期刊名称:Journal of Theoretical and Applied Information Technology
印刷版ISSN:1992-8645
电子版ISSN:1817-3195
出版年度:2019
卷号:97
期号:16
页码:4412-4423
出版社:Journal of Theoretical and Applied
摘要:Reliable identity management must be built with an accurate user identity recognition method. This recognition usually is the core of the authentication method which is the essential part of any identity management system. The authentication must carefully be designed, especially when it is used among different service providers. The authentication is a user identity verifying and protecting mechanism. It consists of three main components, user identity attributes, the verification method, and the log-in mechanism. The log-in component has great impact on authentication, when the user needs to be authenticated to be given access to several service providers.

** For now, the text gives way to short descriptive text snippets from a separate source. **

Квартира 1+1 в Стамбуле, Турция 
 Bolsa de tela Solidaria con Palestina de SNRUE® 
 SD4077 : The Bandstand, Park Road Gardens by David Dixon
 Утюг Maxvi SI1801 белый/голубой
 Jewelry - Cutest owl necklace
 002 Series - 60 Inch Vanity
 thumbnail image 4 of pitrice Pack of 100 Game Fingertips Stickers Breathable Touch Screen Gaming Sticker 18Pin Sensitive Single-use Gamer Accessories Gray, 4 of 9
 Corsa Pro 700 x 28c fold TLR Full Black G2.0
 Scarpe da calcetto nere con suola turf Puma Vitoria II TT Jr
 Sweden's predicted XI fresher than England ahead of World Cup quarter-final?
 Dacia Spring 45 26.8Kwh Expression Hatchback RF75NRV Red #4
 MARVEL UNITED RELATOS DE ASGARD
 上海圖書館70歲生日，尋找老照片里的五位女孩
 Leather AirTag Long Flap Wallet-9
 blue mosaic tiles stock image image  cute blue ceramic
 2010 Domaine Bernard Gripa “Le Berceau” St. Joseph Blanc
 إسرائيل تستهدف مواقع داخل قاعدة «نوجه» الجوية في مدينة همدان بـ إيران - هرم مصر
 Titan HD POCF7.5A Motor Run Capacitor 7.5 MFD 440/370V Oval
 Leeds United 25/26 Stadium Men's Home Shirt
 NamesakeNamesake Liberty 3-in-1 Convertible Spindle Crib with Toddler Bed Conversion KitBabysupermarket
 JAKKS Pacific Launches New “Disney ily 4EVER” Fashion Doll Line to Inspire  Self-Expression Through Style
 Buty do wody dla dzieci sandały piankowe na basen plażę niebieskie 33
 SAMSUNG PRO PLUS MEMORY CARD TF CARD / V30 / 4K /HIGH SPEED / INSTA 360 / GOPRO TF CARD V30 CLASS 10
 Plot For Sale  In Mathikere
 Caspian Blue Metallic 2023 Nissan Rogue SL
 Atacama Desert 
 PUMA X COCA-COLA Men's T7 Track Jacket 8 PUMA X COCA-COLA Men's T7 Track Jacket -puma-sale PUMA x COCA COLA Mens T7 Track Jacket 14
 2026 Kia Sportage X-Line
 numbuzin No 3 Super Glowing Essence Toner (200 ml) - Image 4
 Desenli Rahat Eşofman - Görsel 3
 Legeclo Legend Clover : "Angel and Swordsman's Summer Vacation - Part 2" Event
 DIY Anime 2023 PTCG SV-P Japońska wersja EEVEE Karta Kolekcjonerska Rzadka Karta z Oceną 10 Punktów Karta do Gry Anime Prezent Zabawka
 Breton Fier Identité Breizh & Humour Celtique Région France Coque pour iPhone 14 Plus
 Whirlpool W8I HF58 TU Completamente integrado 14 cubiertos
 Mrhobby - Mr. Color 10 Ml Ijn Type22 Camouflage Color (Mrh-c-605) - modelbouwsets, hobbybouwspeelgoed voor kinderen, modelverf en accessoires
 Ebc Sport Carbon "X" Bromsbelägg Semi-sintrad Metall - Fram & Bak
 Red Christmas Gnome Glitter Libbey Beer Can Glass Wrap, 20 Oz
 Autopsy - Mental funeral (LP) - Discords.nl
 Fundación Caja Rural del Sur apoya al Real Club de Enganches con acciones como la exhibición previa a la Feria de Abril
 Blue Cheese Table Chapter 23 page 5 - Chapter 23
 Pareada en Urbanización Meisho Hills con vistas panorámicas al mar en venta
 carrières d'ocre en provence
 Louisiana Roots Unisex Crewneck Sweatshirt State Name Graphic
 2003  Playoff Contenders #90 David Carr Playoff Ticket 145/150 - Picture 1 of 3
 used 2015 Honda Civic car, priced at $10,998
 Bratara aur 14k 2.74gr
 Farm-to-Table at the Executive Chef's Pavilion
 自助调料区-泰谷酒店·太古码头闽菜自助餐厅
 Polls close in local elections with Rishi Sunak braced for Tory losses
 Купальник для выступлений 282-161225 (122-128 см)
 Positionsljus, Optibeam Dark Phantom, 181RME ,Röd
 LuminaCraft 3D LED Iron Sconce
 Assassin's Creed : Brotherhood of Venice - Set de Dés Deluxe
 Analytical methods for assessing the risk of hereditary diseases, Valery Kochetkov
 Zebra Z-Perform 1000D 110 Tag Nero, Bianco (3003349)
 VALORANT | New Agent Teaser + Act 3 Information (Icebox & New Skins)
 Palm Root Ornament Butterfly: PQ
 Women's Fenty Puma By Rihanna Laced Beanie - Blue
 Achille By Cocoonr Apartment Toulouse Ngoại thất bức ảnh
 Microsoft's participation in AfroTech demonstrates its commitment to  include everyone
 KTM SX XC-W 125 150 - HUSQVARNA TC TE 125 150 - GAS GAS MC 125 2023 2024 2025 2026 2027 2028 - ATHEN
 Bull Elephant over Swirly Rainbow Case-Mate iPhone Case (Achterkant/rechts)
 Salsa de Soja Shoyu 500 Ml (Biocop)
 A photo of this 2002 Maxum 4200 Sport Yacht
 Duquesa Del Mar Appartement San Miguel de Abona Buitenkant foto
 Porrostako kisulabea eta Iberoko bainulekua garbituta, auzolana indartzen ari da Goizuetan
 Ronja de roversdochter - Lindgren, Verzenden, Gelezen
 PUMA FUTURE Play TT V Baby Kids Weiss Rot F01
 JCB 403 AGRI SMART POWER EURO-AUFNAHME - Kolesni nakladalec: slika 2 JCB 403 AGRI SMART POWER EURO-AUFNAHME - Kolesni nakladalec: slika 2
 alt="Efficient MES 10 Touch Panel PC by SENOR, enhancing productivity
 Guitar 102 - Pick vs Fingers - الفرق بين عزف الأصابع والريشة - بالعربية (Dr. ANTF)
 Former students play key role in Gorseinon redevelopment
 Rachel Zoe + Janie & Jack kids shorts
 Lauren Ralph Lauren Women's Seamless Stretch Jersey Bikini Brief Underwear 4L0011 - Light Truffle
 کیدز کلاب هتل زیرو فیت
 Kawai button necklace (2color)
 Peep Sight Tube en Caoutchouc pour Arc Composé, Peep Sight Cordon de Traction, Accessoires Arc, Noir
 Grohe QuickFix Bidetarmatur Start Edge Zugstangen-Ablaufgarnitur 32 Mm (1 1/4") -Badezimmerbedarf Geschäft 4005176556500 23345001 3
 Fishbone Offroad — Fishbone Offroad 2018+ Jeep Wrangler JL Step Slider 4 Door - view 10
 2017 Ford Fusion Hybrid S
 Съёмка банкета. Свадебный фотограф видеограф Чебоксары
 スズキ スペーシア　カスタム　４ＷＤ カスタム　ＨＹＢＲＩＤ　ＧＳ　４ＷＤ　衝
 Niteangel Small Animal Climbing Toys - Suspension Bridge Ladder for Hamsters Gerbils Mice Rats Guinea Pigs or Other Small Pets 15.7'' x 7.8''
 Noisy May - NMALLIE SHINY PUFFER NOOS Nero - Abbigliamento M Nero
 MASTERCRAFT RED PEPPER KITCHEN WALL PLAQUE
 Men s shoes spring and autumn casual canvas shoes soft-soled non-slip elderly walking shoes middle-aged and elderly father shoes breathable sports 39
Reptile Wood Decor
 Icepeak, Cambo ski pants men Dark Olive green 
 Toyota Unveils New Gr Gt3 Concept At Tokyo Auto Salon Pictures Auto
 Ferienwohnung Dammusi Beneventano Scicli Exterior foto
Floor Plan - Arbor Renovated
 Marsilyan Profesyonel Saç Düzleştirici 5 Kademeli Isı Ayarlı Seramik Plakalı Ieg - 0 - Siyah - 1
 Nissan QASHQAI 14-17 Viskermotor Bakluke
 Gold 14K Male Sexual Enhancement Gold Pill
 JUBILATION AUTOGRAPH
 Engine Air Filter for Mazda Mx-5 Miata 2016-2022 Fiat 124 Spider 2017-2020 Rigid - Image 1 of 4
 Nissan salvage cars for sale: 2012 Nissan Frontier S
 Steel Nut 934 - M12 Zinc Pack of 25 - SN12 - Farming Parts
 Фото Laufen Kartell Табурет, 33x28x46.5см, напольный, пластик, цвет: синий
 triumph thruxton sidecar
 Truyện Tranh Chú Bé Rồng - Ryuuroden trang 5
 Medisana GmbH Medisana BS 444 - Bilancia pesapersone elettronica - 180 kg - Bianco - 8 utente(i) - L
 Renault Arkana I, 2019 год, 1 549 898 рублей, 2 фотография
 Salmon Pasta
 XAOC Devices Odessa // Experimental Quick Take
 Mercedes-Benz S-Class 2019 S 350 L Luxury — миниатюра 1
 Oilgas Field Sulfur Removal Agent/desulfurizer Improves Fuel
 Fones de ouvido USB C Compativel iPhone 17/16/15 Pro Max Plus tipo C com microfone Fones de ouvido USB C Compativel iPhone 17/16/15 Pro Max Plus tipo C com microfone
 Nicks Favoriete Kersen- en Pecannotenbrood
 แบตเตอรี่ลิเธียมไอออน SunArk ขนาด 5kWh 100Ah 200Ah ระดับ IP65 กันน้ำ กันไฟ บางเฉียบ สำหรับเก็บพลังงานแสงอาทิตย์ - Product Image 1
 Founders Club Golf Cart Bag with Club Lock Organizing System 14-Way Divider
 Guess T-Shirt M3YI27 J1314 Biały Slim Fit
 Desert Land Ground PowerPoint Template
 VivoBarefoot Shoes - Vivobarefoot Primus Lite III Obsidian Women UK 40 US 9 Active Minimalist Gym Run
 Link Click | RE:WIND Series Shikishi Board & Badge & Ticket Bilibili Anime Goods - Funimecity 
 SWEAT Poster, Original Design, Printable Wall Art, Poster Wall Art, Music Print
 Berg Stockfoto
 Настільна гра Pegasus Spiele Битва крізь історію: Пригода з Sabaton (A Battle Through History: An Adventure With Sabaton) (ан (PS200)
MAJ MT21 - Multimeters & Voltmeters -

In addition, the verification of the claimed user attributes, involve the decisive role in the authentication because it will produce the final decision of the identity proving process, so it is important to be accurate and intelligent as much as possible. In this paper, a central intelligent biometric authentication approach is proposed; this authentication is based on the Mel-frequency Cepstral coefficients (MFCC) voice attributes, fuzzy classifier, and client-server model as log-in mechanism. The proposed fuzzy classifier depends on the fuzzy set inner product and a predefined threshold. This classifier is designed as an intelligent identity verification method. The experiments show 95.45% accuracy in offline user authentication using ELSDSR dataset.